After reaching a high of $3.14 in July, the token has been forming lower highs and lower lows, leading some traders to express caution about its future performance. A recent analysis highlighted the weakness in the current trend, suggesting there is no evidence of a bullish reversal. The crucial support level around $2.70 is reportedly under threat, and if it fails, the price could plummet to around $2.40. Analysts stress that XRP must close above $3 to avoid further downward pressure as September concludes.
Examining the 4-hour chart, XRP shows a rounded top pattern, which has raised concerns in the trading community. Despite a minor recovery marked by bullish candles, the low trading volume raises doubts about the sustainability of this uptick. Persistent bearish candles indicate that traders should remain cautious. The overall cryptocurrency market’s instability has further complicated considerations for intraday trading.

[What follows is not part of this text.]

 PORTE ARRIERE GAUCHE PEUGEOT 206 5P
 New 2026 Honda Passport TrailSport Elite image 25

On a broader scale, the daily chart reveals that XRP had a noteworthy uptrend which peaked at $3.183 before undergoing a dramatic reversal triggered by a bearish engulfing candle. The recent downturn, characterized by high-volume sell-offs, has amplified worries among long-term investors, particularly as significant selling seems linked to institutional or panic-driven activities.

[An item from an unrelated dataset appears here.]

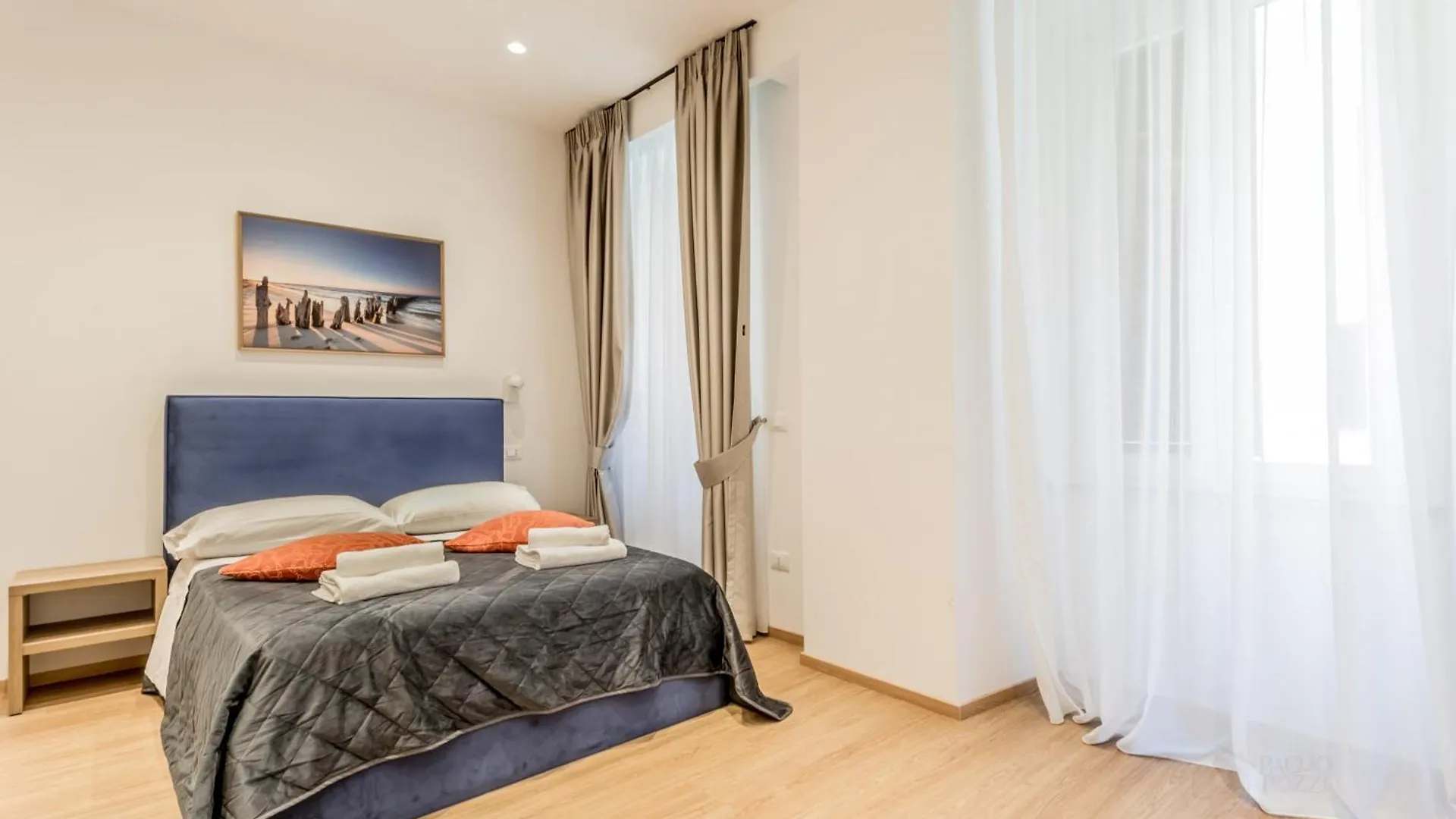 Coliseum Sweet Guest House Rome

In terms of moving averages, both the short and medium-term indicators suggest a bearish trend. The exponential moving averages (EMAs) for the 10, 20, and 30 periods stand at $2.977, $2.977, and $2.974, respectively, all signaling a potential sell-off. The simple moving averages (SMAs) present similar bearish indications, while long-term EMAs and SMAs signal a broader uptrend.
Amid this turbulent scenario, traders are directed toward alternative crypto investments. Projects like Pepenode (PEPENODE) have emerged as attractive contenders. Pepenode, which combines elements of meme coins with utility, has gained traction with innovative presale mechanics that enable investors to earn rewards from day one through virtual mining and staking options. The ongoing excitement surrounding Pepenode has already drawn in over $1.4 million in funding, with projections for further growth as the presale progresses.
As the crypto market continues to evolve, XRP faces existential challenges, and traders are increasingly searching for more stable or promising investments than traditional assets like XRP, urging caution as volatility looms ahead. The next few days will be crucial for XRP as it navigates potential lower support levels and the implications of ongoing trends in the cryptocurrency market.